Task brief →
For this exercise, copy all the data exactly and include none of the pictures.
[[ Task data, beginning ]]
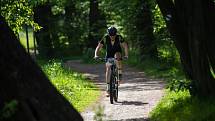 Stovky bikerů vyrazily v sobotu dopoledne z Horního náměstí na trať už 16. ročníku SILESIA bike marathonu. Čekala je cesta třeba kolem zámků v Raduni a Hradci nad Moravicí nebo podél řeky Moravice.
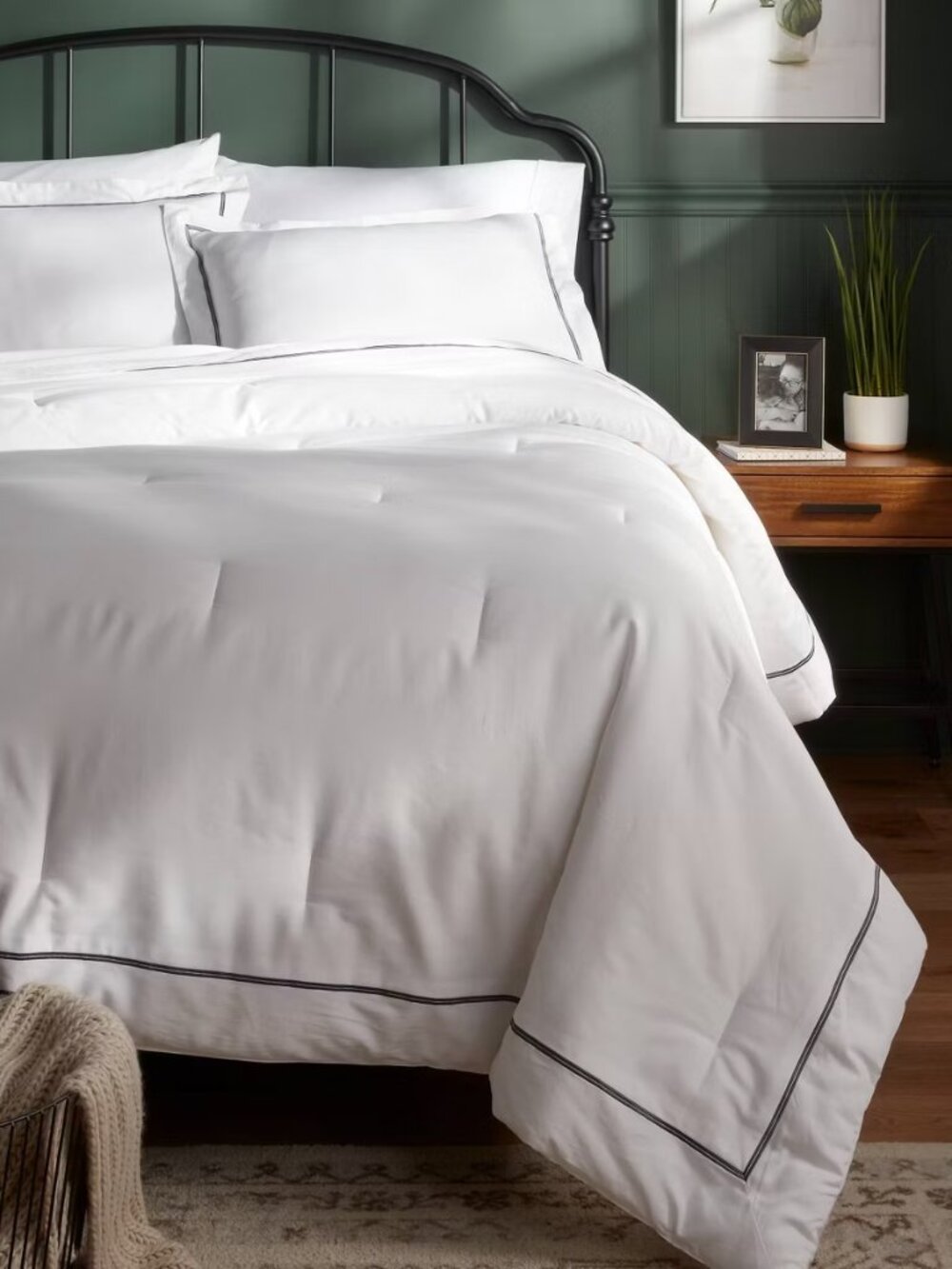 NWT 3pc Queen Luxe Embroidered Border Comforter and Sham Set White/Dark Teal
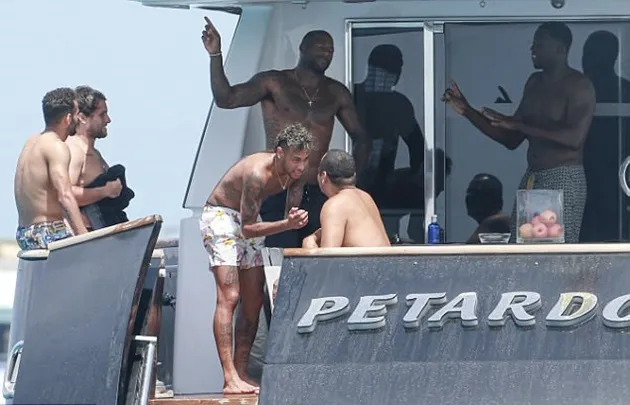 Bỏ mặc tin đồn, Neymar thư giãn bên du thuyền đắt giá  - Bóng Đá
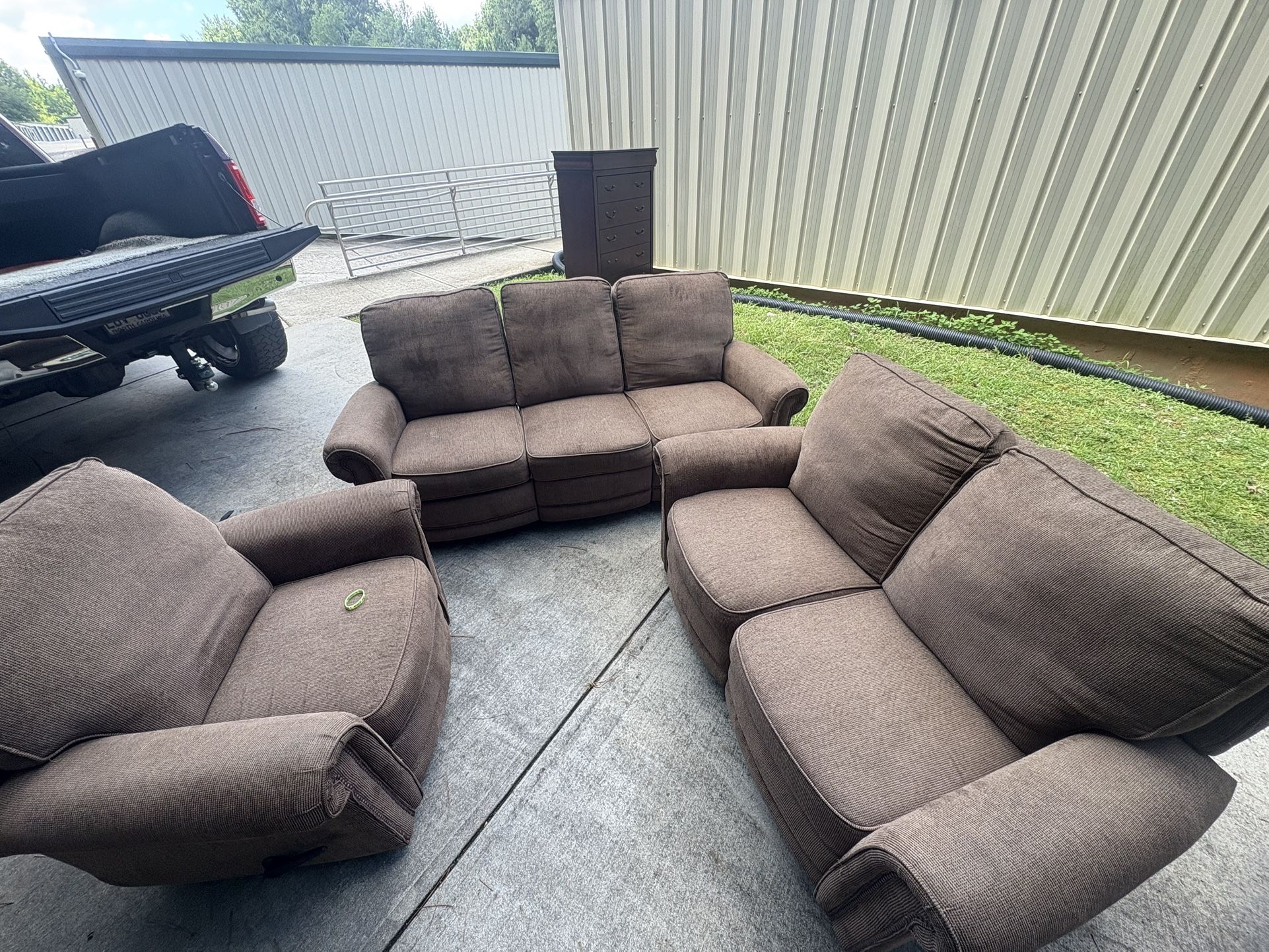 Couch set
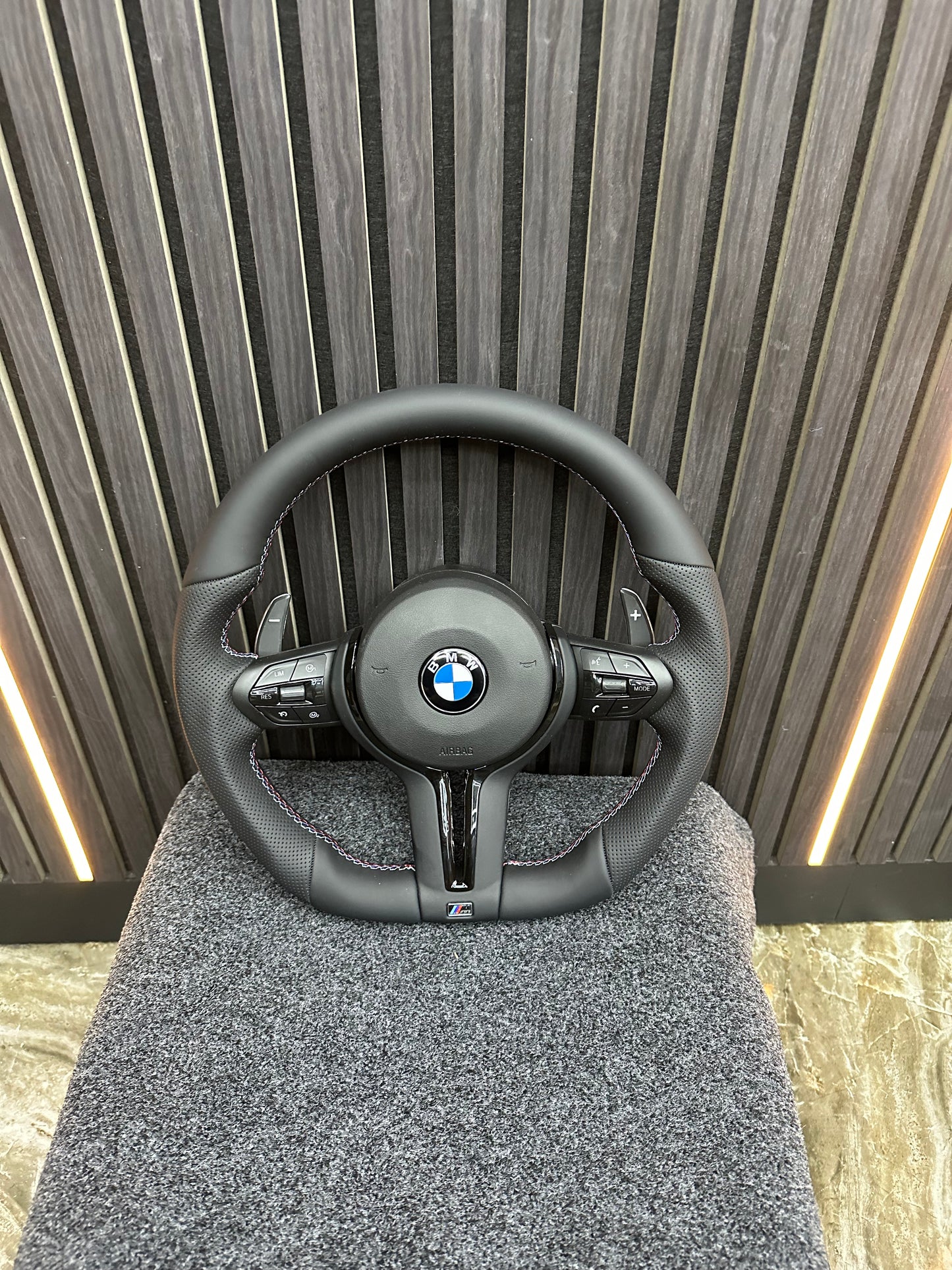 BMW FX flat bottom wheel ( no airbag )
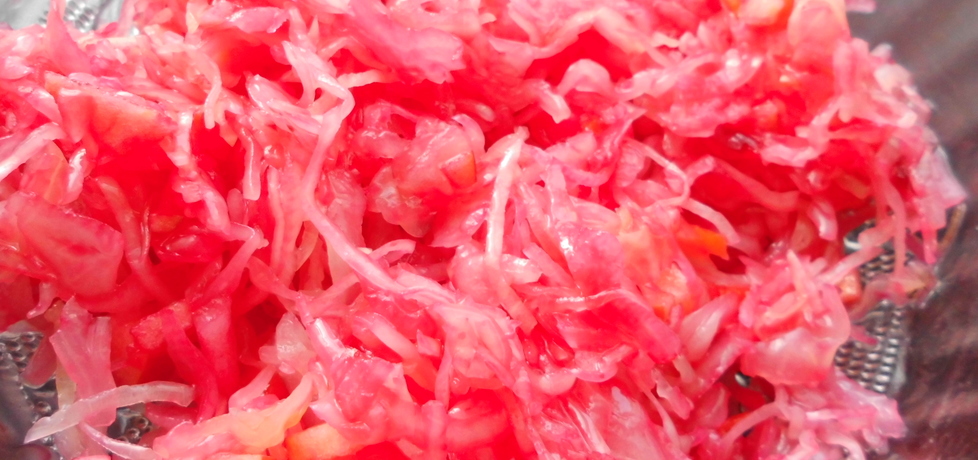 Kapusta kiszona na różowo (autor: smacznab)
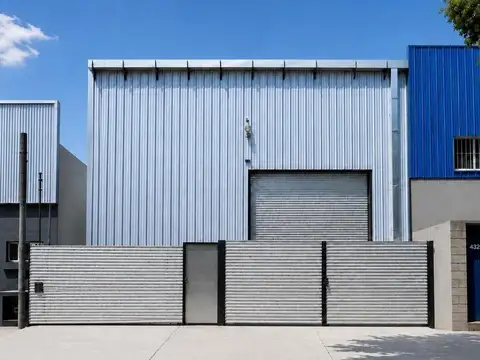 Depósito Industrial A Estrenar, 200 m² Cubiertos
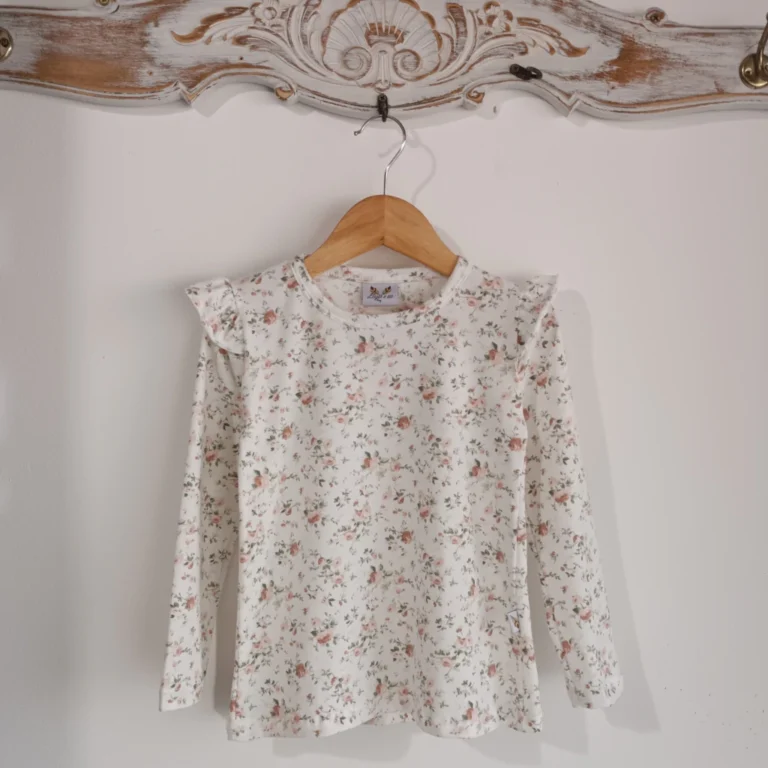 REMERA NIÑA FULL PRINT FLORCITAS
[[ Task data, end ]]
Output below →
 Stovky bikerů vyrazily v sobotu dopoledne z Horního náměstí na trať už 16. ročníku SILESIA bike marathonu. Čekala je cesta třeba kolem zámků v Raduni a Hradci nad Moravicí nebo podél řeky Moravice.
 NWT 3pc Queen Luxe Embroidered Border Comforter and Sham Set White/Dark Teal
 Bỏ mặc tin đồn, Neymar thư giãn bên du thuyền đắt giá  - Bóng Đá
 Couch set
 BMW FX flat bottom wheel ( no airbag )
 Kapusta kiszona na różowo (autor: smacznab)
 Depósito Industrial A Estrenar, 200 m² Cubiertos
 REMERA NIÑA FULL PRINT FLORCITAS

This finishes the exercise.